==== GIVEN RECORDS ====
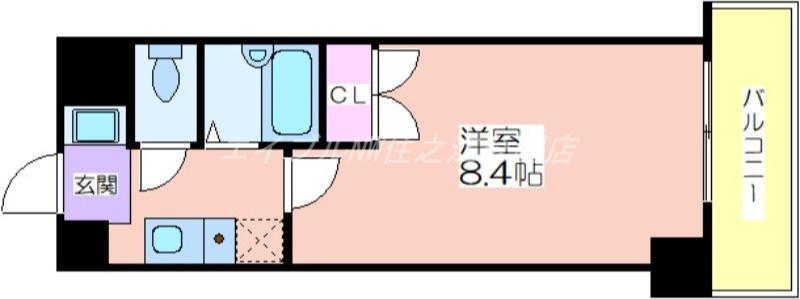 リベルタ―(1K/2階)の間取り写真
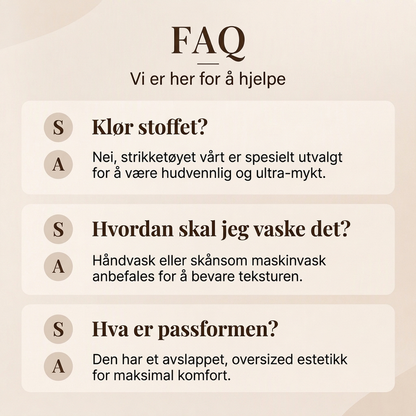 Løs genser i strikk med mockneck for kvinner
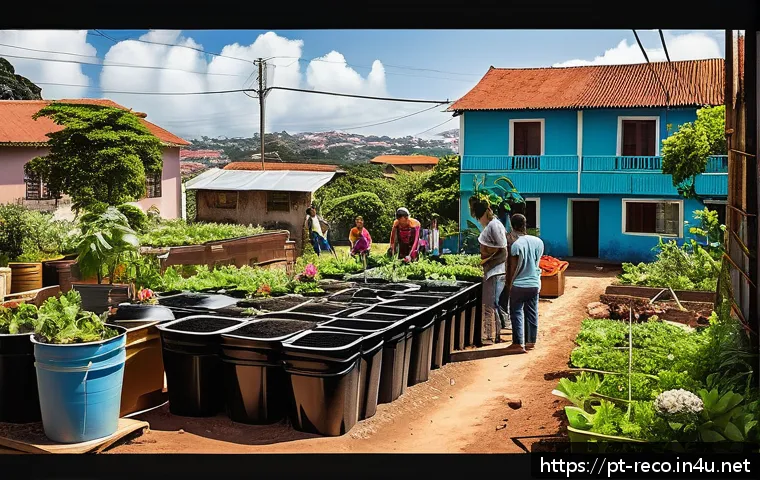 생태환경 공모전 참여 가이드 - A vibrant urban community garden scene in Brazil during a sunny day, featuring diverse people of all...
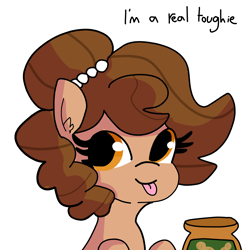 Size: 3000x3000 | Tagged: safe, artist:tjpones, imported from derpibooru, oc, oc only, oc:brownie bun, earth pony, pony, blatant lies, food, high res, looking at you, peanut butter, raspberry, smiling, solo, tongue out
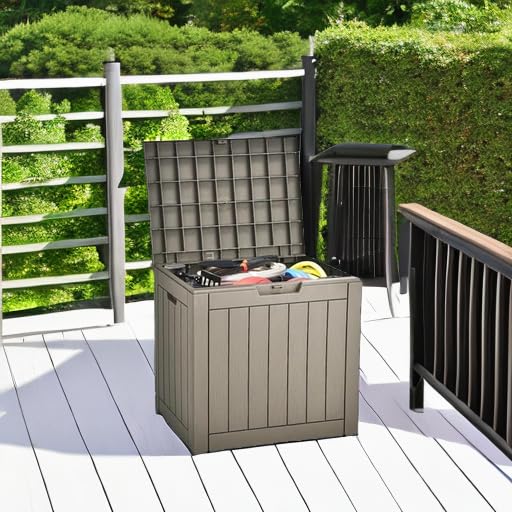 31 Gallon Outdoor Storage Deck Box, Waterproof Resin Package Delivery and Storage Box with Lockable Lid for Patio Furniture Cushions, Pool Accessories, Garden Tools, Taupe-New - Image 5
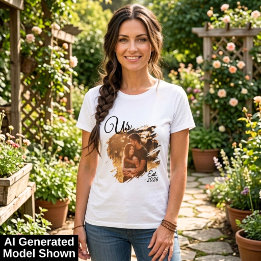 Camiseta Foto de Casal Data de Estabelecimento Nos EUA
====
## WHAT TO DO
Exclude the pictures, and transcribe all of the material exactly.

## TASK SOLUTION
 リベルタ―(1K/2階)の間取り写真
 Løs genser i strikk med mockneck for kvinner
 생태환경 공모전 참여 가이드 - A vibrant urban community garden scene in Brazil during a sunny day, featuring diverse people of all...
 Size: 3000x3000 | Tagged: safe, artist:tjpones, imported from derpibooru, oc, oc only, oc:brownie bun, earth pony, pony, blatant lies, food, high res, looking at you, peanut butter, raspberry, smiling, solo, tongue out
 31 Gallon Outdoor Storage Deck Box, Waterproof Resin Package Delivery and Storage Box with Lockable Lid for Patio Furniture Cushions, Pool Accessories, Garden Tools, Taupe-New - Image 5
 Camiseta Foto de Casal Data de Estabelecimento Nos EUA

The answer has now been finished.